The Thinking Process Revealed
The message reveals several aspects of the assistant's reasoning process:
Systematic methodology: The assistant is working through a structured plan with clearly defined phases. Each phase builds on the previous one: macro benchmarks establish the "what," micro benchmarks probe the "why," NCCL benchmarks isolate communication costs, and the profiler capture provides the definitive "ground truth." This is textbook performance analysis methodology.

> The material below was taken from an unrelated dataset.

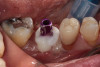 Fig 10. A custom impression abutment would allow communication of the emergence profile that was developed with the customized healing abutment.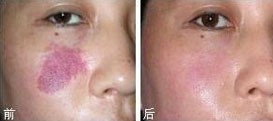 吉林鮮紅斑痣價格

Risk management: The assistant chose to restart vLLM with profiler support rather than running the profiler on the existing server instance. This was a high-risk decision — the restart took 30+ minutes and could have failed (e.g., if the profiler flag was incompatible with the model configuration). The assistant mitigated this risk by first verifying that the --profiler-config flag existed in the help output ([msg 2432]) and by checking that the process was actually running ([msg 2433]).

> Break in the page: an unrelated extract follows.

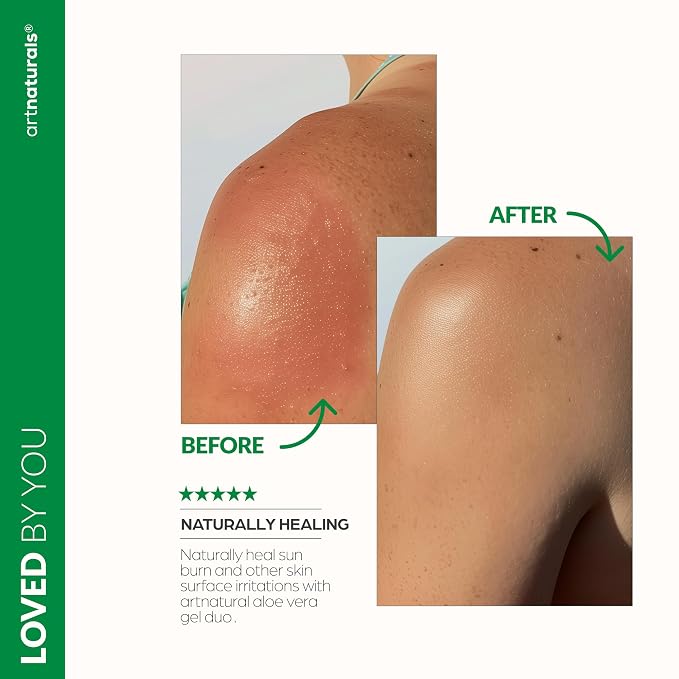 artnaturals Aloe Vera Gel Set - Image 5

Patience under uncertainty: The 10-minute period where GPU memory was stuck at 75.8GB ([msg 2438]) could have indicated a hang or crash. The assistant's response was methodical: check the log output, identify the stage (weight loading at 45-52% completion), estimate remaining time (~20 minutes), and set up a polling loop. This patience was rewarded when the server eventually became ready.
Pragmatic scope management: The assistant planned to profile "different batch sizes" but executed only single-stream profiling. This was a pragmatic decision — the profiler trace files were already 80MB each for a single batch, and multi-batch profiling would have required significantly more complex analysis. The single-stream results were sufficient to identify the dominant bottleneck.
The Dramatic Aftermath
The profiler capture that follows message [msg 2442] would produce results that fundamentally changed the team's understanding of the system. The analysis in [msg 2447] revealed:
- AllReduce: 51.5% of decode time (11.17ms per step out of 21.7ms total CUDA time)

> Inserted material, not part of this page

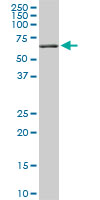 RIPK2 monoclonal antibody (M03), clone 3D9. Western blot of RIPK2 expression in PC-12.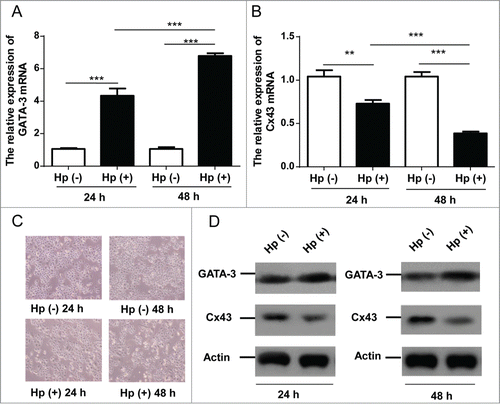 Figure 2. The effects of H. pylori on GATA-3 and Cx43 expressions in GES-1 cells. (A, B) Quantitative RT-PCR analysis of GATA-3 (A) and Cx43 (B) in GES-1 cells with H. pylori 24 and 48 hours infections. ** p < 0.01; *** p < 0.001. (C) Morphology of normal GES-1 cells and 24/48 hours H. pylori infected GES-1 cells. (D) Western blot analysis of GATA-3 and Cx43 protein levels in GES-1 cells under 24 and 48 hours H. pylori infections.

- GEMMs: only 19.4% (4.22ms per step)
- NCCL calls: 127 per decode step (matching the 61 layers × 2 pattern)
- Per-call NCCL AllReduce: ~78μs at 14KB hidden size This was a stunning reversal of the initial hypothesis. The team had been preparing to optimize GEMM kernels — researching Marlin, L2 cache pinning, persistent fused kernels — when the real bottleneck was hiding in plain sight: PCIe communication. Without NVLink, each AllReduce call required transferring data across the PCIe bus, and with 127 calls per step, the cumulative overhead dominated the inference time. The user's reaction in subsequent messages reflects this paradigm shift. The discussion pivots from "how do we make GEMMs faster" to "how do we reduce AllReduce overhead" — exploring disaggregated prefill, expert parallelism, and ultimately speculative decoding as software-only optimization paths that don't require hardware changes.
Conclusion
Message [msg 2442] is a masterclass in the art of performance analysis. It demonstrates that the most valuable insights often come not from the flashy optimization work, but from the patient, methodical gathering of empirical data. The assistant's willingness to wait 30+ minutes for a profiler capture, to write multiple benchmark scripts, and to systematically rule out hypotheses before arriving at the definitive answer is a model of disciplined engineering analysis.
The message also illustrates a crucial principle: you cannot optimize what you cannot measure. The macro benchmarks showed that the system was performing at a certain level, but only the profiler could show why. And the answer — AllReduce, not GEMMs — was hiding in plain sight, invisible to anyone who hadn't done the measurement.
In the end, the most important line in message [msg 2442] is not the status declaration or the plan of action. It is the quiet confidence in the todo list: all previous phases completed, the next phase ready to begin. This is the mark of a systematic investigator who trusts the process — and the process delivered.